Flipping through the pages of one of the daily newspapers this week I chuckled at a Zapiro cartoon about Bafana Bafana’s new coach Gordon Igesund. On the sketch the former Moroka Swallows mentor was reading one of his congratulation cards which he picked from a small heap of letters in front of him. However, behind him stood a SAFA fat-cat who was delivering a big postage bag which he said were “condolences”. That cartoon summarised my sentiments to a “T”.
See, football fans expressed joy and relief on social media when they found out that for once SAFA had listened to their pleas and finally chose Igesund to coach the flagging national football team. Since the sacking of Pitso Mosimane, Igesund has been the public’s popular choice to be his successor. The celebrations were short lived when SAFA president Kirstin Nematandani officially announced the multiple booby-traps in Igesund’s contract.
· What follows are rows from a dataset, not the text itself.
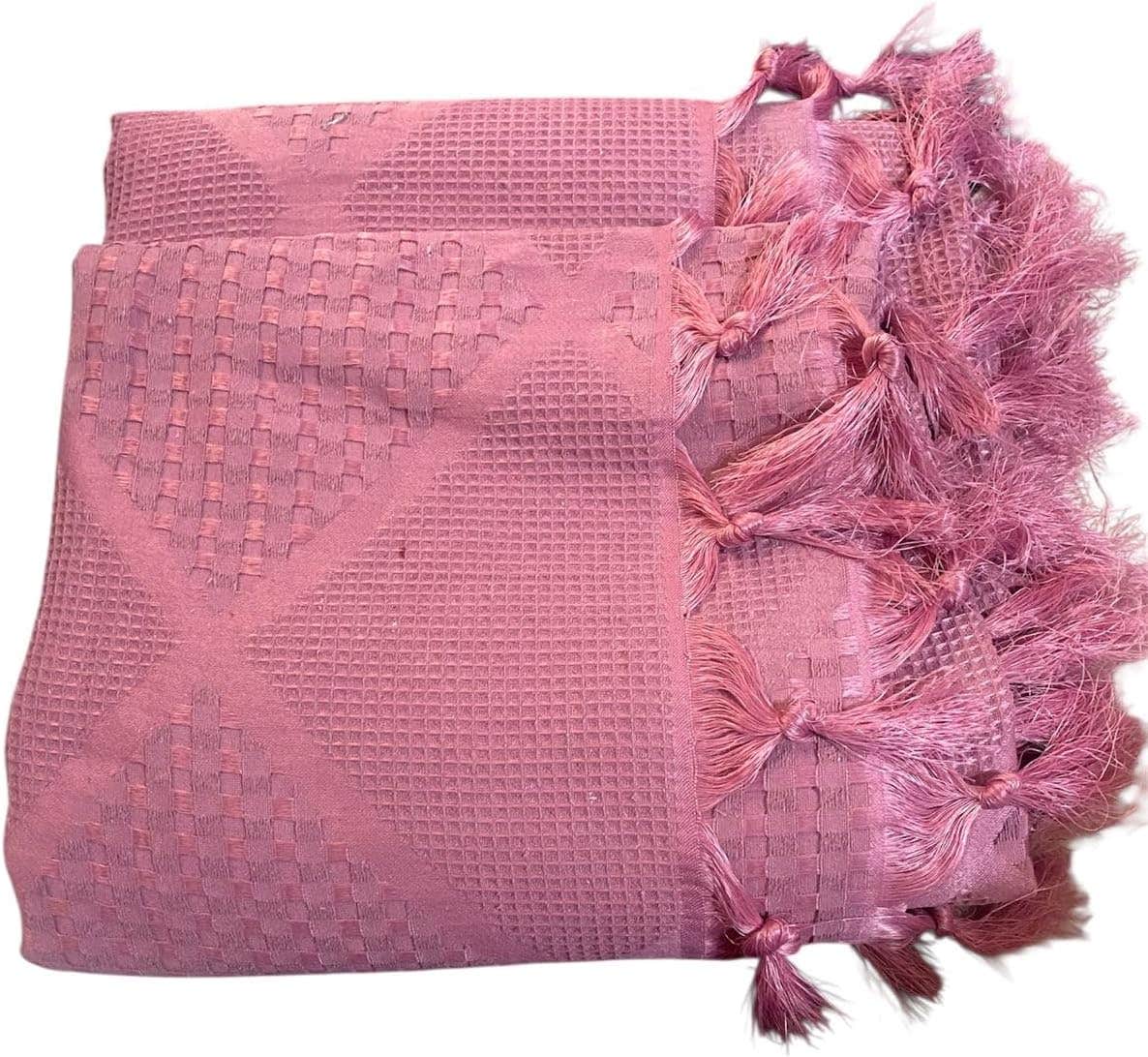 Woven Bedspread with Tassels Pink Color Geometric Knitted Pattern Size 220 * 240 cm Soft Cotton Fabric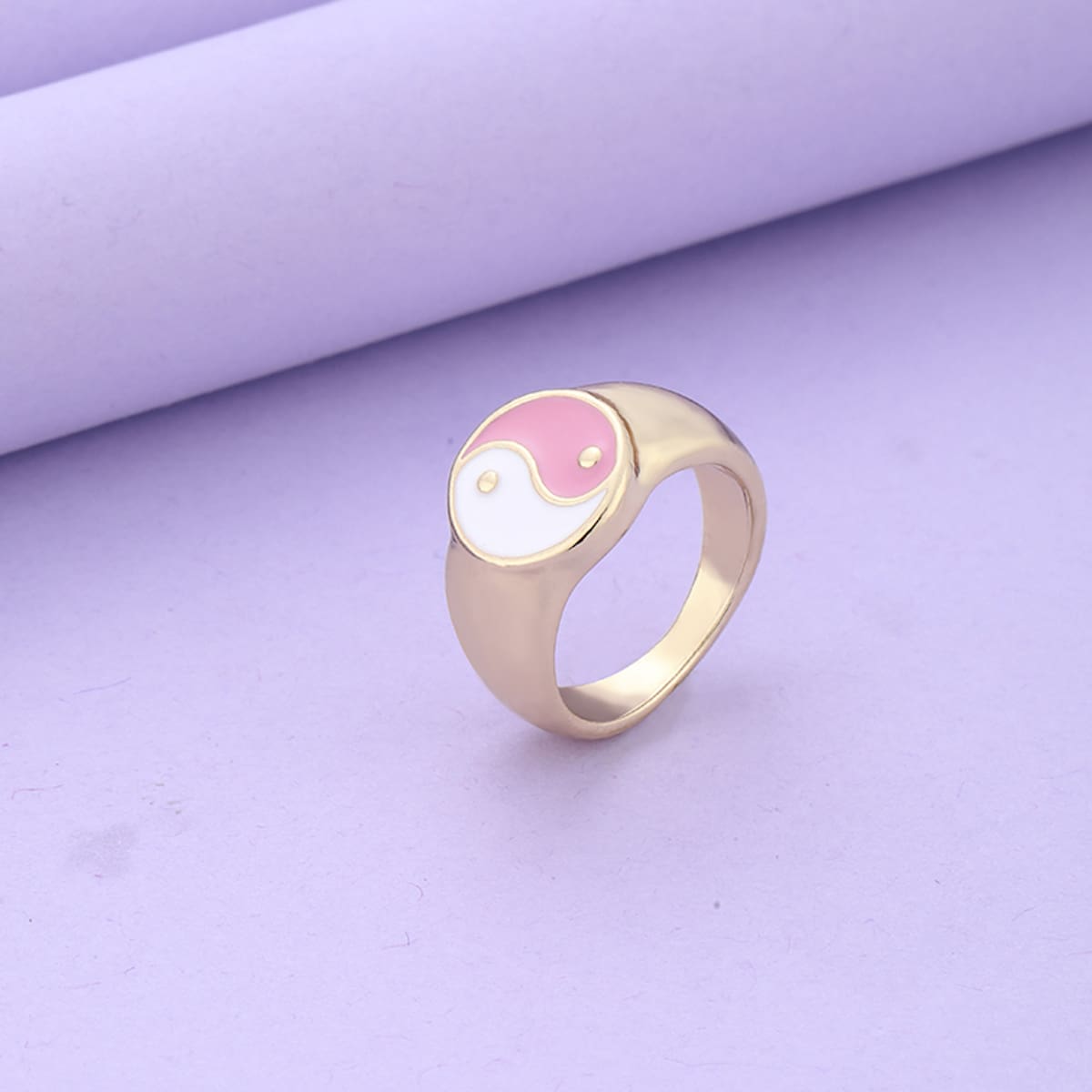 

1pc Yin & Yang Graphic Ring, Pink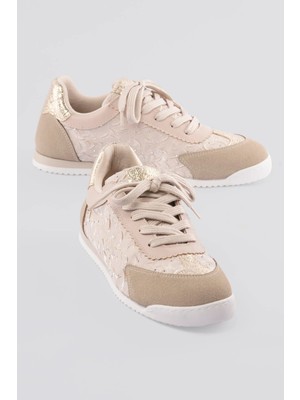 Mubiano Kadın Sneaker Taşlı Gold ve Süet Detaylı Bağcıklı Spor Ayakkabı Zireya Bej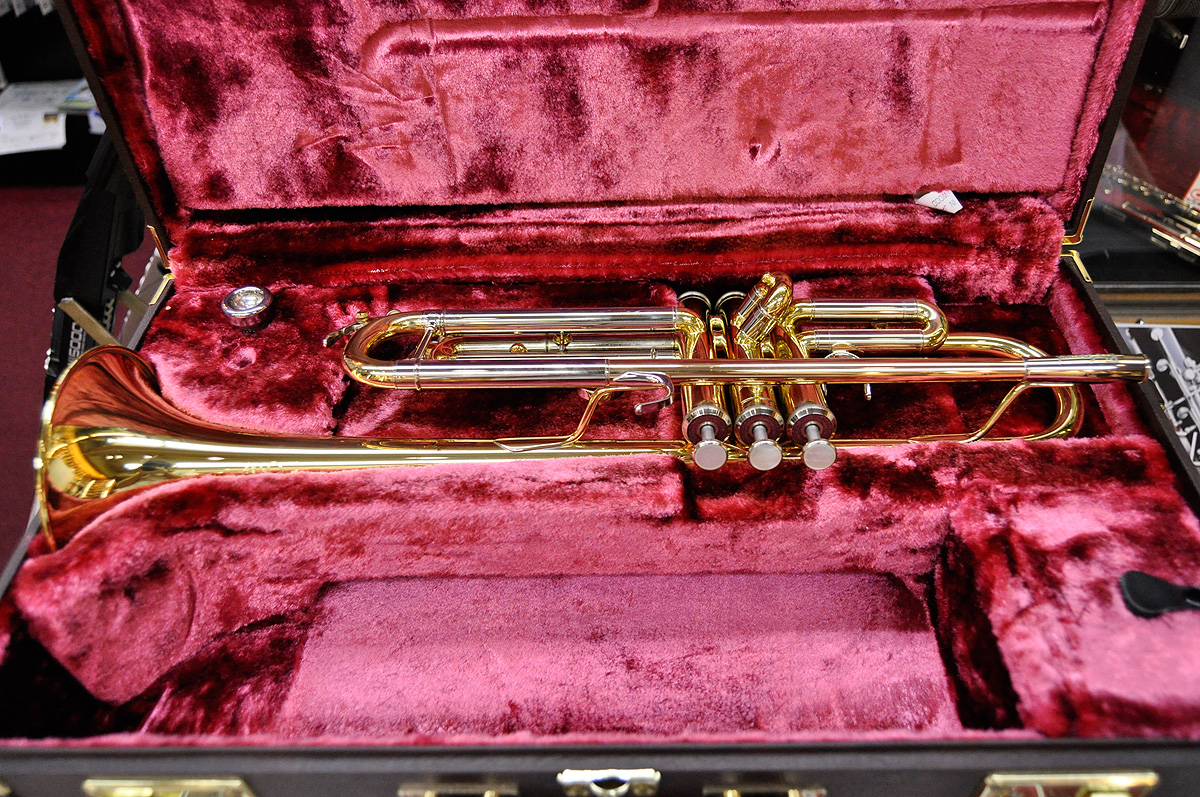 郷愁のヤマハ番外編その2、YTR-800・・・伝説の”N”が入荷！ | イシバシ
Igesund has been given a two-year performance-based contract. In order to hold on to his job he had to take Bafana, who have not qualified for the past two African Cup of Nations tournaments, to at least the semi finals of next year’s edition. He has also been mandated to make sure that Bafana qualifies for the 2014 FIFA World Cup in Brazil. Bafana are two games in the qualifiers and have dropped four points in their group stages thanks to SAFA’s blind faith in Mosimane.
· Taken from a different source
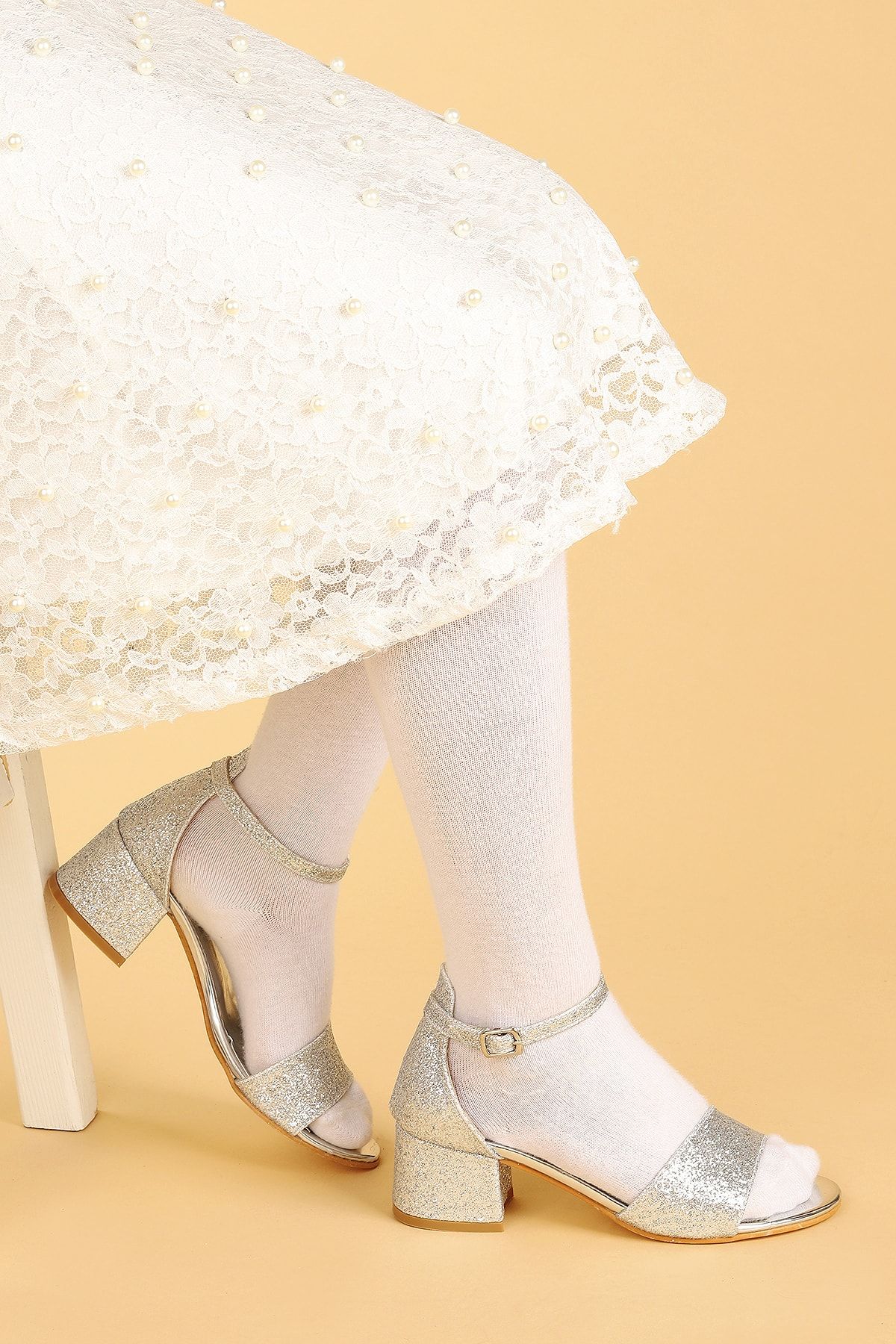1 inch heel hotsell silver dress shoes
Igesund is a good coach with a proven track record. He has won league titles with four different teams, including the unfancied Manning Rangers and the recently relegated Santos. Who can forget how he turned around Moroka Swallows from a relegation-threatened side to title contenders, who missed out on being crowed champions on the last day of the previous season?
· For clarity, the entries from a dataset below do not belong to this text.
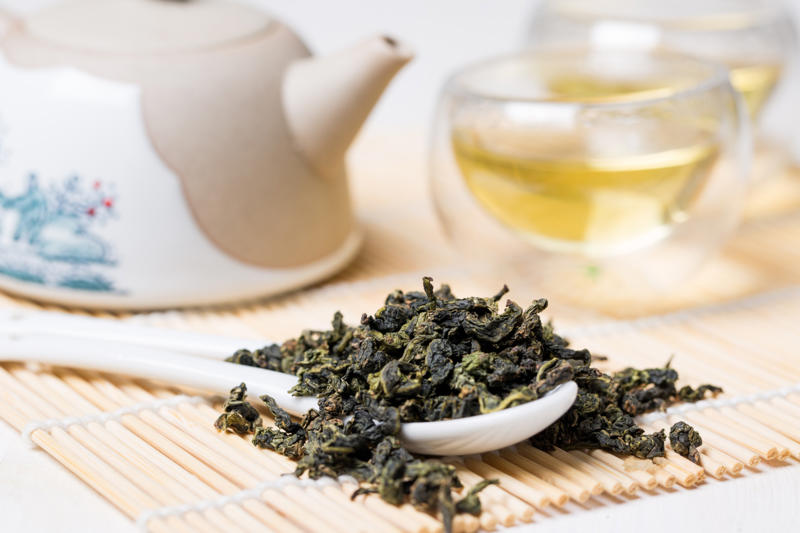 Oolong Green tea, Darjeeling, Black tea, Chamomile tea, English breakfast tea, Longjing tea, Lemongrass tea, Yerba maté, Lotus tea, Lapsang souchong, Genmaicha, Hibiscus tea, Dong ding, Jasmine tea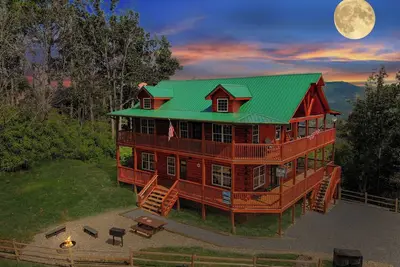 Image de Kiss The Moon: Mtn Views! , Games, Hot Tub, Wifi, Fire Pit, near Attractions!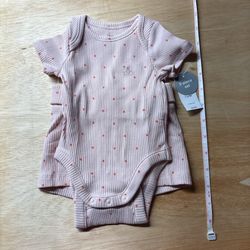 Babygap 2Pc set Pink and white baby bodysuit and shorts size 0-3 months #babyfashion 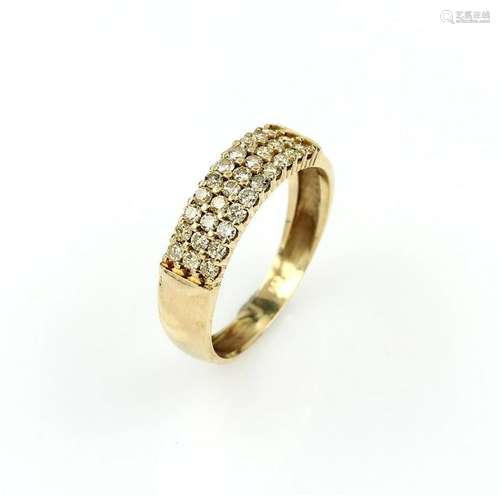 14 kt gold ring with brilliants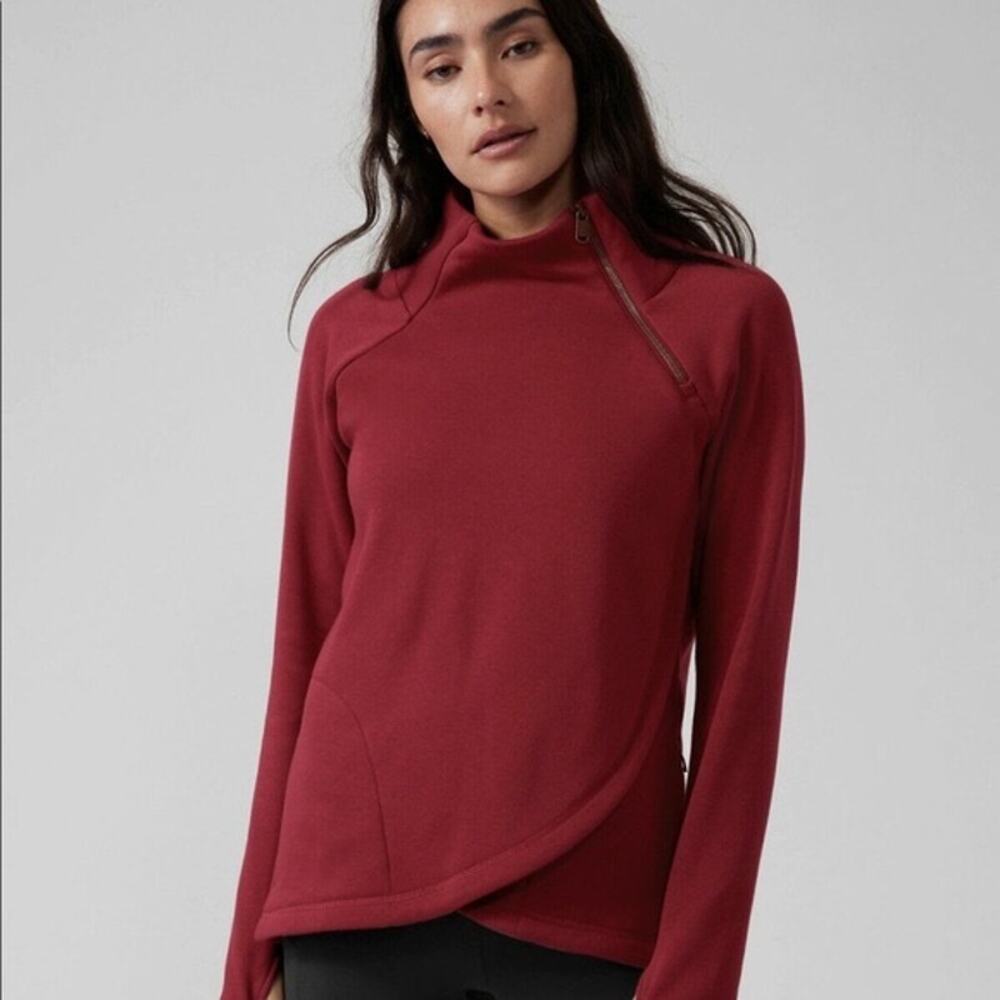 Athleta Cozy Karma Asym Pullover Sweatshirt Red Sz 1X Women’s Fleece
The man was deserving of the Bafana Bafana job in 1998. Yet Trott Moloto was given the nod and Bafana’s troubles snowballed from that era. The cracks at SAFA’s lack of grass-roots development and lack of leadership widened and rapidly tore the wall-paper.
There is no doubt that Igesund is a deserving candidate, however, as usual, SAFA is looking for an easy way out. The poor man, whom it took years of sweat, blood and tears to build up his implacable reputation, is now expected to turn around years of deterioration in just a few months.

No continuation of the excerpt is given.